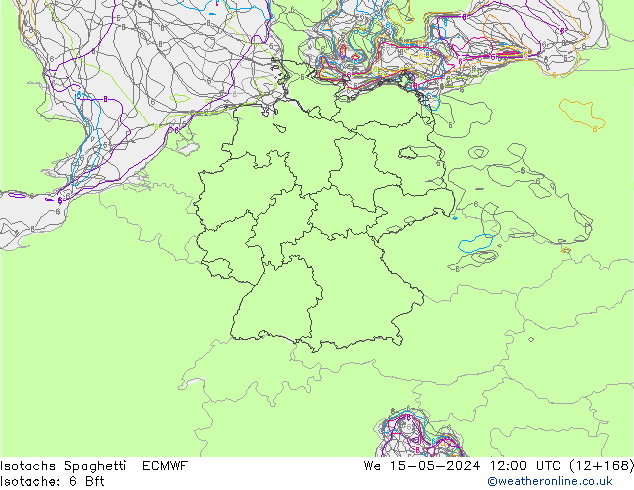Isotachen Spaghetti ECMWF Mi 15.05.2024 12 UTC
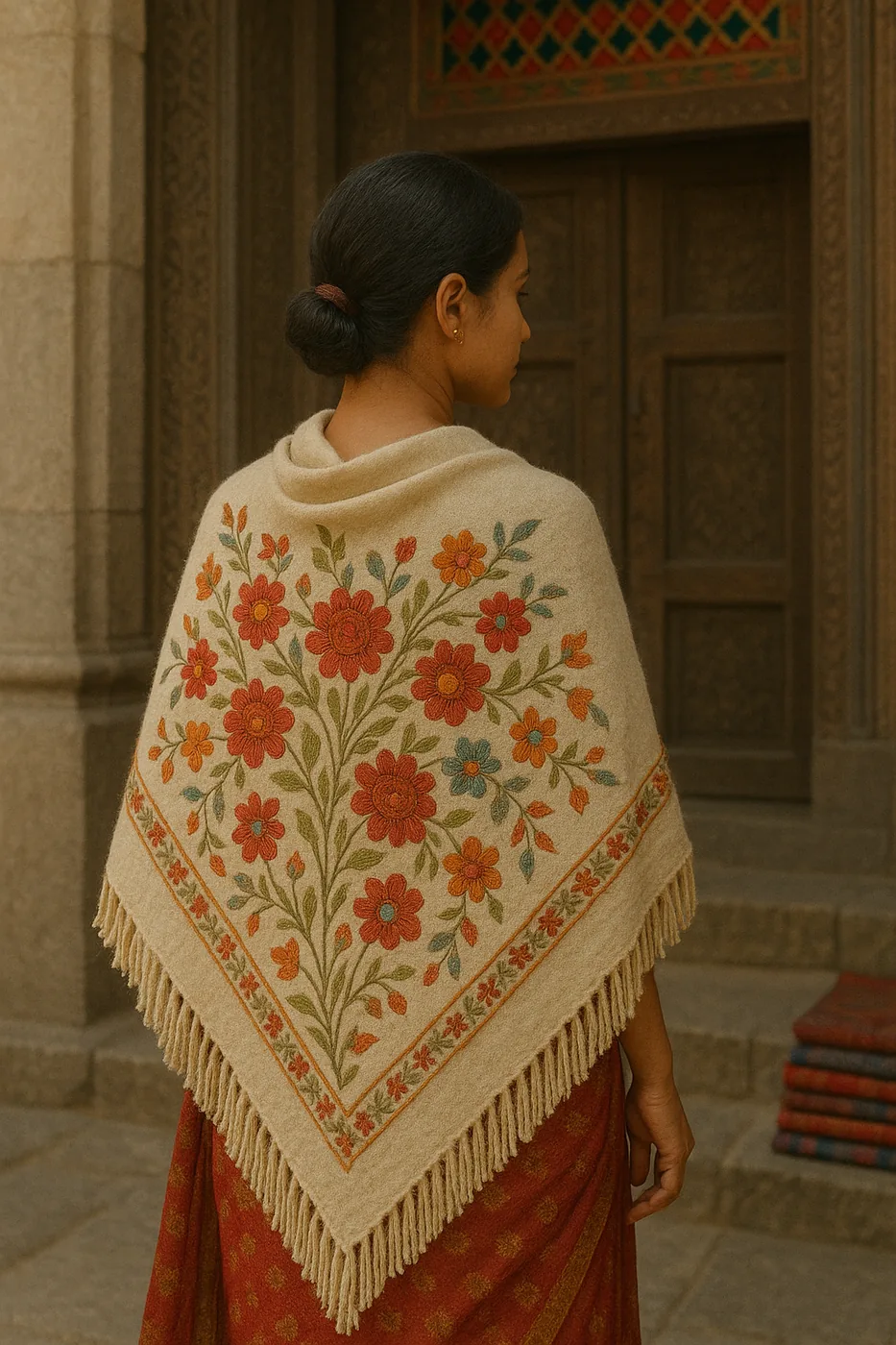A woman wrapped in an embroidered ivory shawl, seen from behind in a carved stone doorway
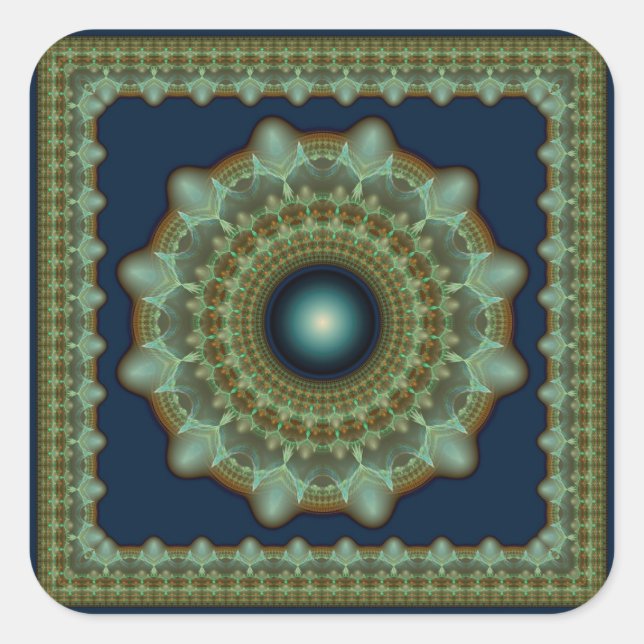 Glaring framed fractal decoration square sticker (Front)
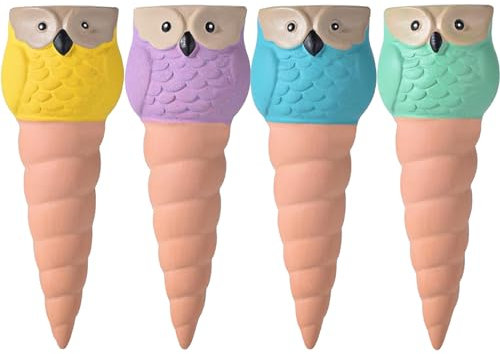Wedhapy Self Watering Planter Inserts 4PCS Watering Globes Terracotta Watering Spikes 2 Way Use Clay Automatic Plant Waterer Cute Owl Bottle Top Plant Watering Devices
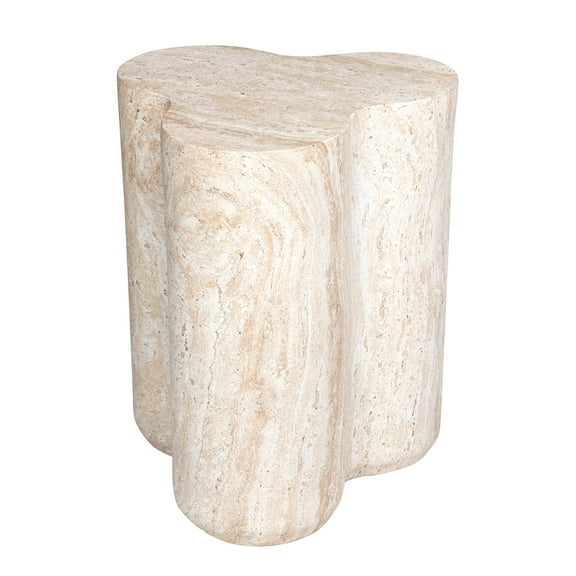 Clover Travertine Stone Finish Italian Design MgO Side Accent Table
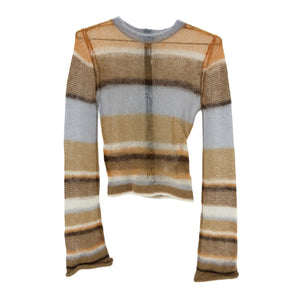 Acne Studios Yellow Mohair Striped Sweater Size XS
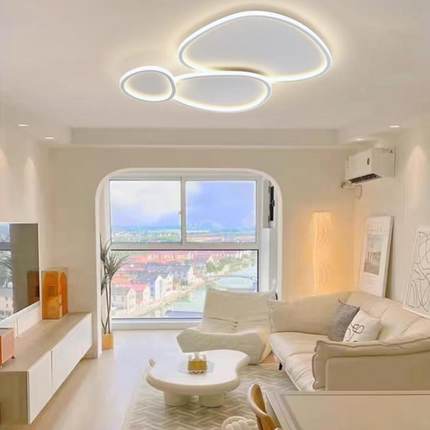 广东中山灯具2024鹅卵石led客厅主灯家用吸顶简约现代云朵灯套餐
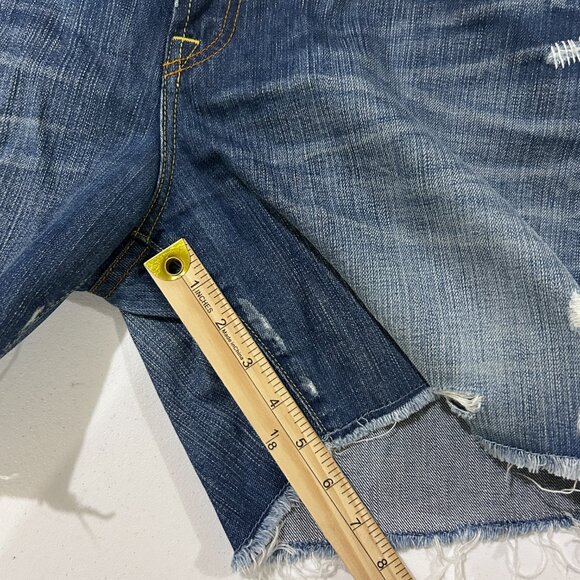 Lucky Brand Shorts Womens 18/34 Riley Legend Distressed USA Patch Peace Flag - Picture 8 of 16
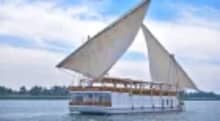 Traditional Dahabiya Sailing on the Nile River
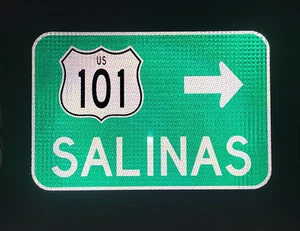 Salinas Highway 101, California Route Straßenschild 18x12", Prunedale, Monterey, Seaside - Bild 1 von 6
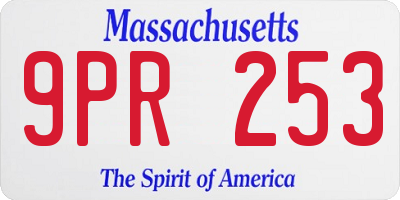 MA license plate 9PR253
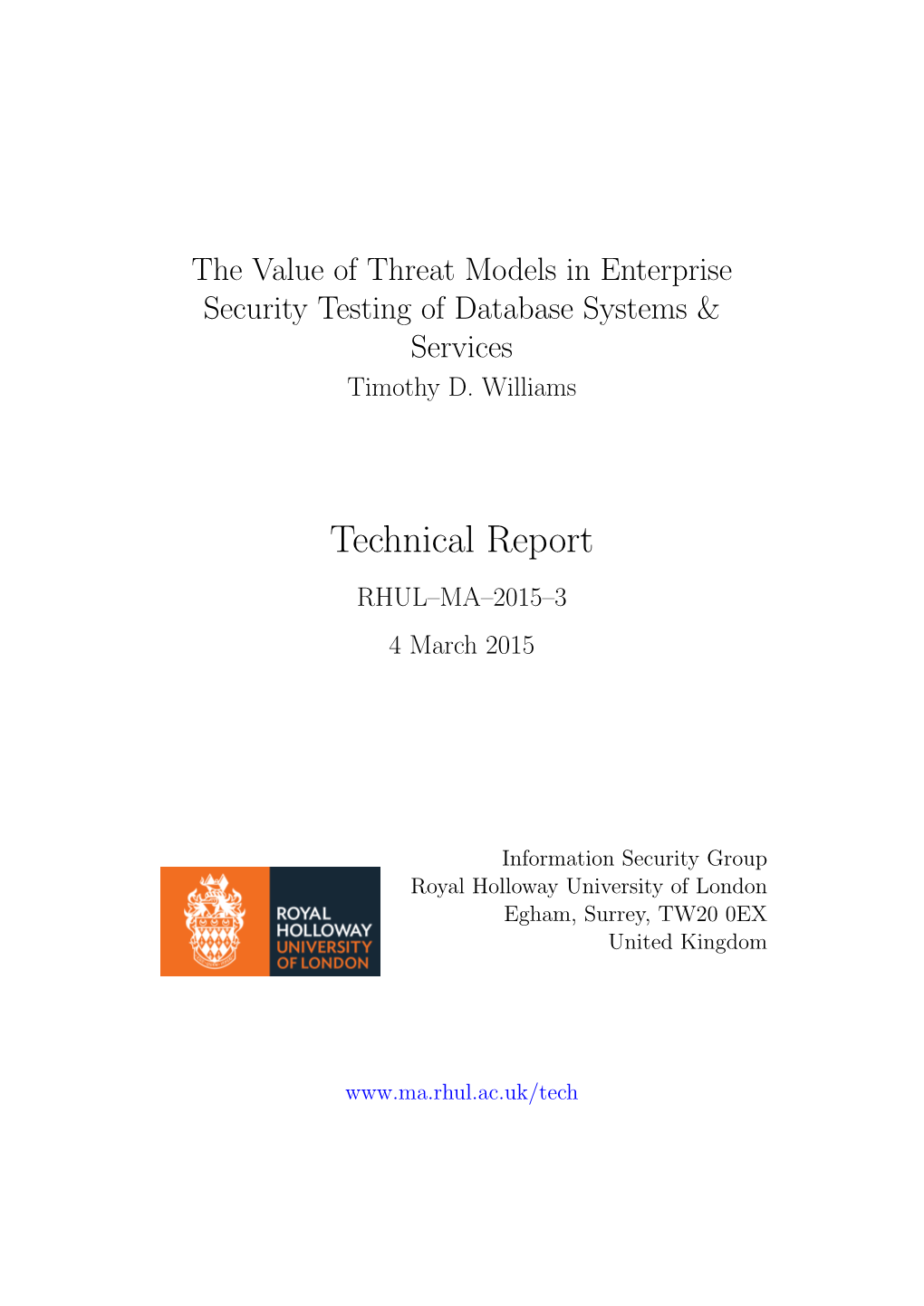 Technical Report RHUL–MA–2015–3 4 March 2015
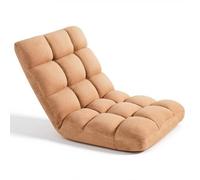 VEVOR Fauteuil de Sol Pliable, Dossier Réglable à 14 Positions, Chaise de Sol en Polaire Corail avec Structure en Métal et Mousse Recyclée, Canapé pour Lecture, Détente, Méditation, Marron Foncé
------------------------
- **Task item**:
Reproduce exactly, and only, the lines that begin at the one containing "Lucky Brand Shorts" and end with the final line of the data, both included, while omitting every picture.

- **Solution to the exercise**:
 Lucky Brand Shorts Womens 18/34 Riley Legend Distressed USA Patch Peace Flag - Picture 8 of 16
 Traditional Dahabiya Sailing on the Nile River
 Salinas Highway 101, California Route Straßenschild 18x12", Prunedale, Monterey, Seaside - Bild 1 von 6
 MA license plate 9PR253
 Technical Report RHUL–MA–2015–3 4 March 2015
 VEVOR Fauteuil de Sol Pliable, Dossier Réglable à 14 Positions, Chaise de Sol en Polaire Corail avec Structure en Métal et Mousse Recyclée, Canapé pour Lecture, Détente, Méditation, Marron Foncé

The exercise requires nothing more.